If AI Can Pirate the Internet, Why Can’t You?

By David Atkinson

David Atkinson is a Postdoctoral Fellow at Georgetown University Law Center and a 2026-2027 IPPI Edison Fellow.

The legal argument that could either protect copyright forever — or blow it up entirely.

Here’s a thought experiment for you: If courts let AI companies download and train on virtually any copyrighted work they please, what’s the legal argument stopping you from doing the same?

You can’t make one.
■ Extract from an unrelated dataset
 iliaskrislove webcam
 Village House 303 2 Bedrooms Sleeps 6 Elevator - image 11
That’s the point.

Yet this is one of the arguments GenAI companies make: Their models simply learn from copyrighted works, much like humans, and since the use of the material (training a model so it can “learn”) is permitted by fair use, just as humans are allowed to learn from materials we read, they should be able to collect and use any copyrighted works they want to train their models without authorization or payment. 
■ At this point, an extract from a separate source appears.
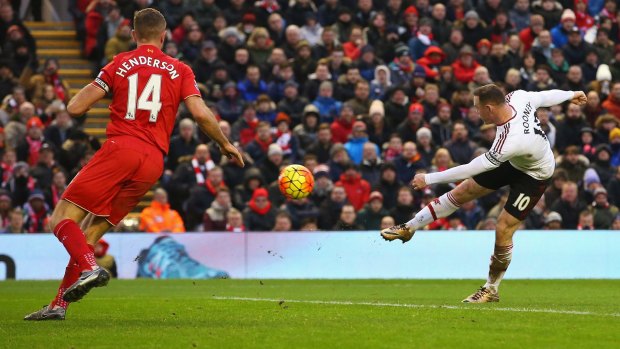 Wayne Rooney scores for Manchester United to give them a win over Liverpool at Old Trafford.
In Unfair Learning: GenAI Exceptionalism and Copyright Law, published in the Chicago-Kent Journal of Intellectual Property, I methodically dismantle the case that generative AI deserves a blanket free pass under copyright’s “fair use” doctrine, not by arguing that AI companies are wrong, but by showing that their logic proves too much.

The Setup: Billions of Stolen Words

Here’s what’s not in dispute: Training a capable AI model requires trillions of tokens, overwhelmingly formed from copyrighted books, articles, songs, and web pages. GenAI companies collect this material by scraping the web at an industrial scale, usually without asking permission or paying anyone.
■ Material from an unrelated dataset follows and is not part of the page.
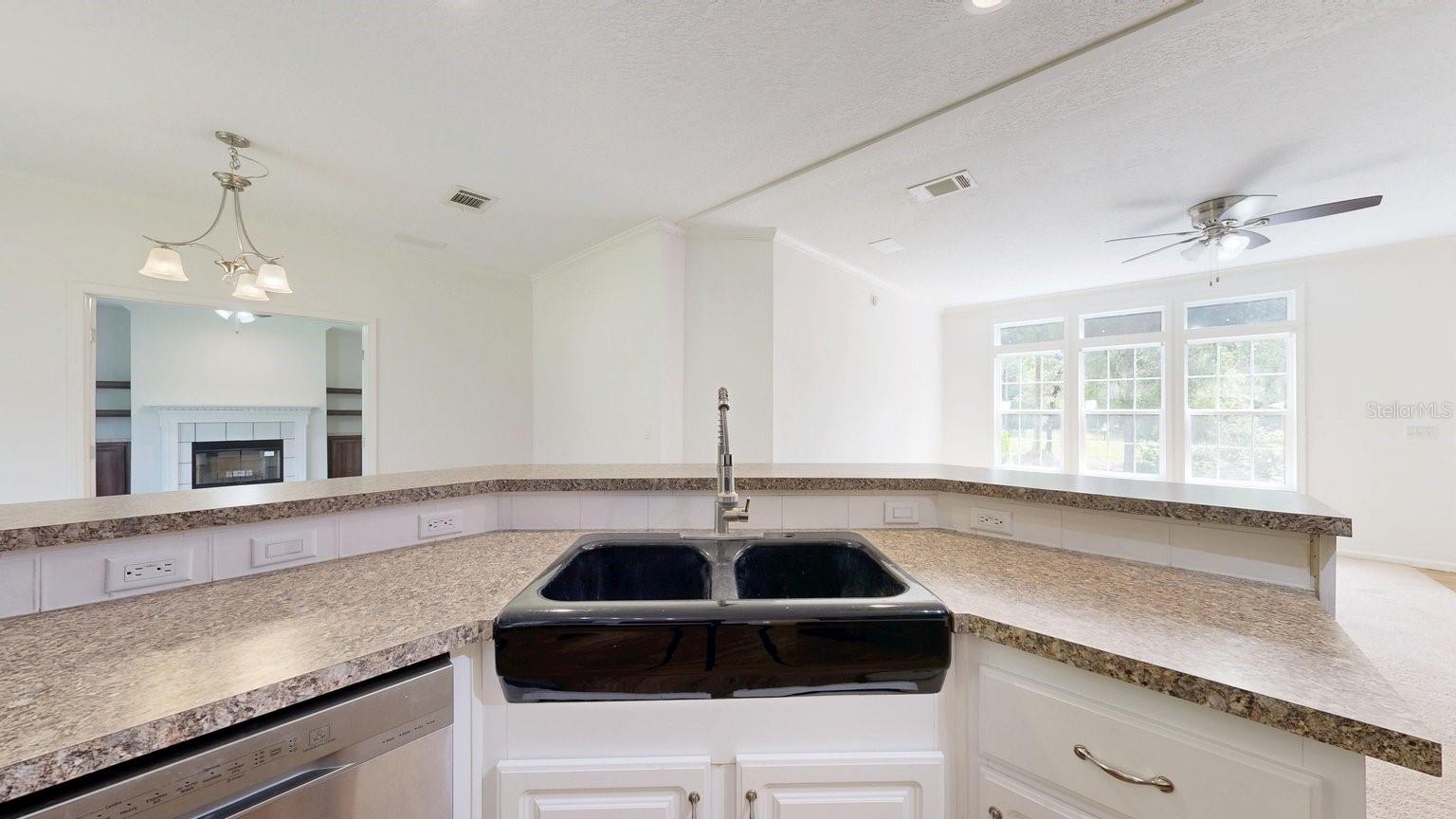 2930 Palmetto St Property Photo 12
They defend this under fair use, copyright law’s safety valve that permits certain unauthorized uses of copyrighted works. Their core argument is always along the lines of: We’re not reproducing these works for their own sake. We’re transforming them into something new. The input is a novel, but the output is a chatbot. That’s transformative. That’s fair use.

The stakes are astronomical. One lawsuit against OpenAI alone involves more than 10 million works, with potential damages of up to $150,000 per infringement, theoretically totaling $1.5 trillion. In reality, the court would probably “only” order them to pay perhaps a few billion dollars at the high end, but for GenAI companies without a ton of cash on hand, that threat is still existential. If plaintiffs from different lawsuits each win billions, even OpenAI and Anthropic could be in dire straits.

The Reductio: What About Me?

The paper’s core move is elegant and a little devious. I take every argument GenAI companies make for fair use and ask: Does this apply to humans, too?

The answer, perhaps surprisingly, is yes — and often more so. Consider the following:

“The use is transformative.”

GenAI companies turn copyrighted inputs into novel outputs. So do humans who read a book and then write something. In fact, humans are better at transformation: We’re incapable of memorizing most of what we read, making our outputs inherently more original.

“We only extract underlying ideas, not expression.”

GenAI companies claim it’s just “learning” facts and patterns, not copying creative expression. Humans do roughly the same thing when we learn. And we’re less likely to accidentally quote a paragraph verbatim, which makes us less likely to infringe.

“It doesn’t harm the market.”

GenAI companies argue that their outputs don’t compete with the original works. Human outputs compete even less, since we can’t generate hundreds of novels a minute.

If the legal logic works for the machine, it works better for the person.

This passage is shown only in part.